If Liverpool do concede their average under Rodgers of 1.23 goals per game against the bottom 14 teams, they will need to score 3 goals per game on average to ensure that they win the majority of these games. Therefore in 28 games, Liverpool should aim for 84 Goals. Overall, if we add both totals against the top and bottom teams, Liverpool should be aiming to score 104 goals. This will take a massive effort and will need to surpass the huge efforts of 2013/2014, where Liverpool came second under the influence of the free scoring Suarez and Sturridge scoring 101 goals.
WHO WILL SCORE?
The final question then is this: Who will score all of these goals? Rather than trying to put to much pressure on our strikers, I have set out what I believe are realistic targets for Liverpool’s most attacking players; targets that I feel the players are capable of producing. I have assumed that most players, including Sturridge, are available for over 80% of Liverpool’s Premiership games.
In conclusion, I do not think that Liverpool will score the incredible amount of goals mentioned above. However, this is what I believe will be required to win every league game (on average) based on the amount of goals conceded in previous seasons under Rodgers, averaging at 47 goals per season. Can we tighten up this defence?
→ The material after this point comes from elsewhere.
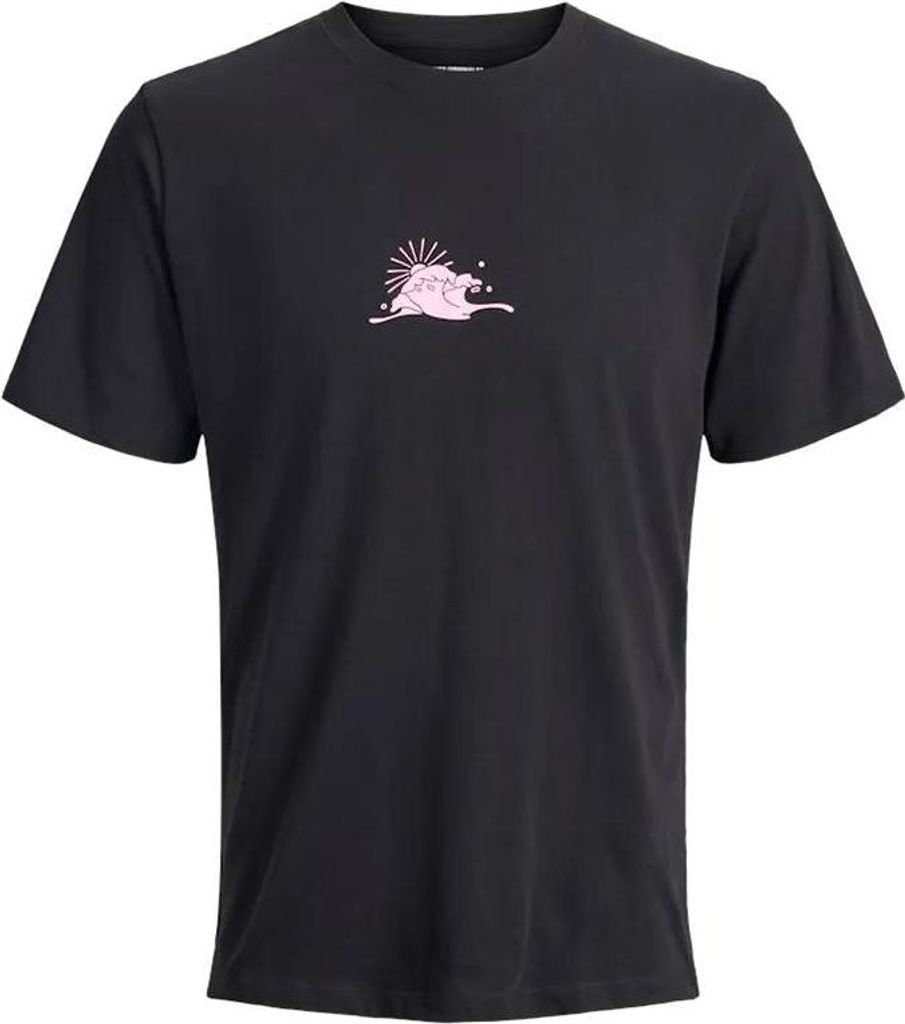 Jack & Jones Tarot Standard Fit Kurzarm-t-shirt Schwarz S Herren Schwarz S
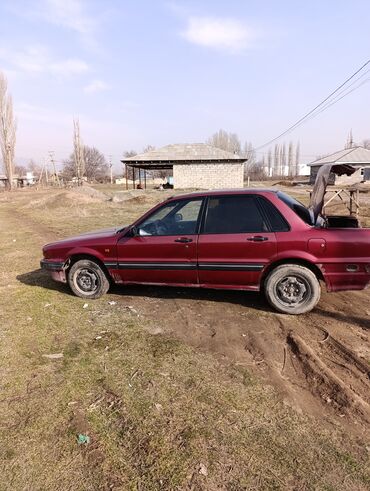 mitsubishi спейсвагон: Mitsubishi Galant: 1988 г., 1.8 л, Механика, Бензин, Седан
Under the same ratio of goals required, if we can reduce our goals conceded to one per game, we would need 84 goals based on the same assumptions. A much more realistic goals target.
What are the key factors for this Liverpool team to win the league? I believe it is by playing our normal attacking exciting football against the substandard opposition and aiming to score more than three goals against these teams. When we play against our rivals it is key to recognise the power of not conceding and perhaps grinding out results, Jose or Rafa style. Will we look to implement these targets and tactics? It seems unlikely but we don’t have to wait long to find out.